Cari amici,

mi sono davvero innamorata del Guatemala. È facile innamorasi del Guatemala. Questa terra è piena di laghi circondati da foreste e montagne sacre, nuvole che si infiltrano tra gli alberi delle montagne, Maya che camminano tra i sentieri e coltivano sui dirupi scoscesi delle montagne orti verdissimi disegnati perfettamente (con il cellulare infilato nella cintura del vestito tradizionale).

Le valli sono densamente abitate e si sono create varie città con case a due piani e strade gremite di venditori ambulanti; baracchini di tortillas, hot dogs, panini all’altezza del “sudicio” di Firenze, succhi di frutta; autobus e mercati, tantissimi mercati, colorati con montagne di frutta, verdura, uova bianche, stoffe tradizionali super costose, erbe naturali e roba cinese di plastica. Tutti sanno fare tortillas, loro pane quotidiano, e anche le signore delle tavole calde familiari girano le loro tortillas prima di iniziare a cucinare il piatto del giorno.

Al mercato mi sono accorta di quanto le persone parlino ancora le antiche lingue Maya che sopravvivono nonostante lo spagnolo e nonostante l’Occidente abbia conquistato l’immaginario collettivo anche qui (come sta accadendo negli altri paesi che ho visto fino ad ora). Le chiese qui sono cristiane a causa del colonialismo perpetuato fino ad ora ma, fortunatamente, ci sono anche associazioni Maya che promuovono la cultura locale legata all’astrologia e al ripetersi del tempo. Il livello scolastico della gente comune non è dei migliori – molti mi hanno chiesto se l’Italia faccia parte degli Stati Uniti – e molti ragazzi stanno più nei campi o a fare tortillas che a scuola.

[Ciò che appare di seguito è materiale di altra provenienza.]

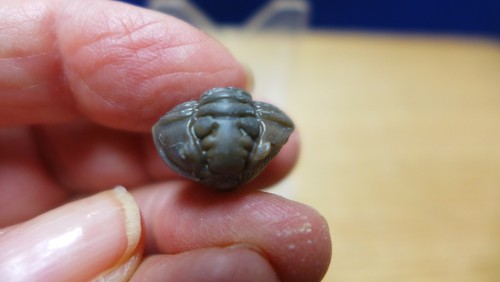 GEOLOGICAL ENTERPRISES Ordovizium Fossil Trilobit Flexicalymene Meeki Ohio
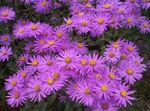 Garden Flowers Ialian Aster, Amellus pink Photo, description and cultivation, growing and characteristics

L’altro giorno siamo saliti al vulcano/montagna sacra di Santa Maria, a fianco della città di Xela, a 3.800 metri di altitudine e raggiungibile solo dopo 3/4 ore di cammino con 1.000 metri di dislivello. In cima alla montagna abbiamo trovato una famiglia Maya che pregava seguendo un rituale fatto di fiori, fuochi di alcool e incenso, preghiere cantate e discorsi. Sotto di loro scorreva un mare di nuvole mentre il sole splendeva sopra le loro teste, riscaldando l’aria pungente e rarefatta. Dopo il loro rituale sono venuti nella nostra direzione commentando insieme a noi il paesaggio meraviglioso fatto di montagne e di nuvole di cotone (come lo ha definito la madre della famiglia). Era tempo di scendere dal vulcano perchè dopo poche ore il sole sarebbe tramontato, così siamo scesi insieme fino al villaggio.

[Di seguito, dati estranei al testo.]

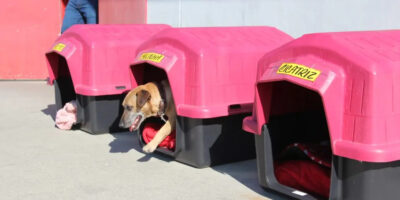 Aprovada a lei que cria o Selo Empresa Amiga do Animal no Estado do Rio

Ci hanno spiegato che tutti erano digiuni dalla mattina per il rito di purificazione. Il padre di famiglia aveva la febbre alta e il rituale era servito per la sua guarigione. L’uomo si sentiva meglio e tutti erano felici ma avevano una gran fame. Durante il rituale avevano bruciato la corteccia dell’albero che cresce sulle pendici del vulcano e che profuma come incenso. Effettivamente quella montagna aveva un’energia positiva che anch’io, da profana, potevo percepire e non mi stupisco affatto che quell’uomo possa essere guarito con tutta l’energia della famiglia diretta verso di lui.

Questo popolo ha una spiritualità che noi non abbiamo, forse perché, vivendo tra le montagne è molto più vicino al cielo, alla natura e, quindi, a Dio.